Though NSHSS has been around since 2002 and was co-founded by Claes Nobel—a member of the family that established the highly esteemed Nobel Prizes and who was on hand to deliver the keynote speech—the organization is still viewed with skepticism in some quarters.
For instance, some online critiques dismiss the organization as a “scam” and question the $60 membership fee that it charges in letters that invite parents of prospective scholars—identified through their high scores on college and pre-college entrance exams and other academic criteria, such as having a 3.5 GPA—to join the society.
“I think it would be misinformation to judge NSHSS as a scam,” said Amy Weinstein, executive director of the National Scholarship Providers Association, or NSPA, although she revealed that NSHSS was a member of NSPA.
“We do not advocate that students pay for scholarship information as it is free,” Weinstein said. “However, our membership policy states that members that charge students a fee must offer services for those fees and this is something NSHSS does.
“Their website clearly states what they offer for the fee so it’s the students’ choice as to whether they want to join or not.”
The $60 membership fee is a onetime fee that is good for life, and the benefits of NSHSS go beyond the college admissions process, organization officials say.
“It’s not something you apply to in high school, put on your resume and get into college,” said Morgan Vasquez, a human resources business partner for a major bank and NSHSS alumni who also serves as president of the organization’s Fellows Executive Board, which is its alumni association.
Vasquez, who graduated from Fordham University, said NSHSS builds a foundation of support for member scholars and provides opportunities to network and “continue to be successful in college and beyond.”
“There is no endpoint,” Vasquez said.
If NSHSS is a “scam,” it isn’t a very lucrative one.

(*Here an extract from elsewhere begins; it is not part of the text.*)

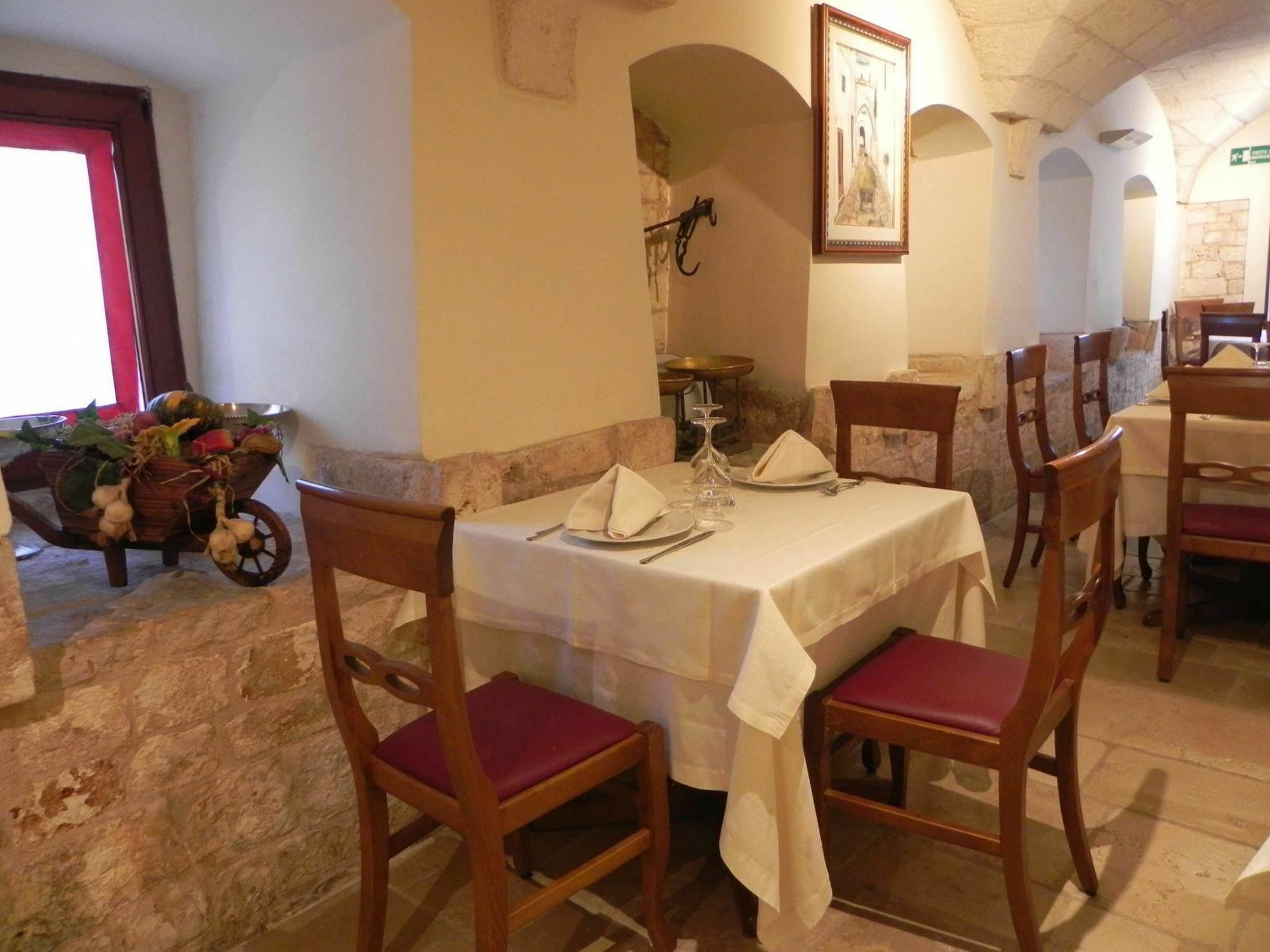 Masseria Casale Dei Fornici Polignano a Mare Luaran gambar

Tax returns show the organization only had assets of about $169,000 in 2014. And Thurman does not earn a salary.
Paxton Peacock, a 2016 high school graduate from Alabama and NSHSSS member who won a Claes Noebl Academic Scholarship, said he saw the “scam” allegations in an online forum and decided to respond.
“One said it was fraudulent and that he didn’t need another bumper sticker,” said Peacock, referring to the NSHSS bumper stickers that read “Proud Parent of a Scholar” and come with the invitation letters to parents of prospective scholars.
“Another one said save it (the $60) for college textbooks,” Peacock said.
But Peacock said that, while skeptics question the value of joining NSHSS, he himself has benefited in many ways, including being able to travel to Switzerland for a global leadership summit through connections he made through NSHSS.
He also credits NSHSS connections with his being accepted to Johns Hopkins University, which was also on hand to recruit, despite being a “southern farm boy without a 36 on my ACT.”
“My mom still sports that ‘$60 bumper sticker’ on her car,” Paxton said.
Larry Chambers, of New Jersey, said he didn’t need much convincing when he got a letter from NSHSS inviting his daughter—Jasmeen, a rising high school senior—to join the organization.
One of the things that motivated him to pay the fee was the fact that the scholar’s day event included a college fair. The fair featured several colleges that ranged from American University to the University of Alabama, HBCUs such as Claflin University and foreign institutions such as the University of British Columbia.
“I thought it was a good thing that you have a bunch of colleges in one place at the same time instead of going there and there,” Chambers said as his daughter visited with college representatives. “I thought it was a good opportunity that everybody was here at the same time.”
Chambers said that, while there may not be an immediate payoff to joining NSHSS, “time will tell” if the $60 fee was worth it.
“Hopefully we will get some knowledge going forward and discover something that we possibly wouldn’t have discovered if we didn’t come in, such as taking classes abroad,” Chamber said, referring to the fact that the U.S. Department of State was on hand touting the benefits of its portfolio of study abroad programs.
“If nothing else, the information itself is beneficial,” Chambers said.
The scholar’s day event was remarkable in more ways than one. For instance, Inge Thulin, chairman, president and CEO of 3M—a company that an NSHSS “Millennial Career Survey” identified as the best place to work—gave out his personal e-mail address and invited students to seek work at the company.
“If you come and work for us at 3M, I can guarantee you a couple of things,” Thulin said. “One, you will work with science that will be applied to life. And I can guarantee you one other thing,” he said, explaining that the company develops leaders.
“The future is already here,” he said.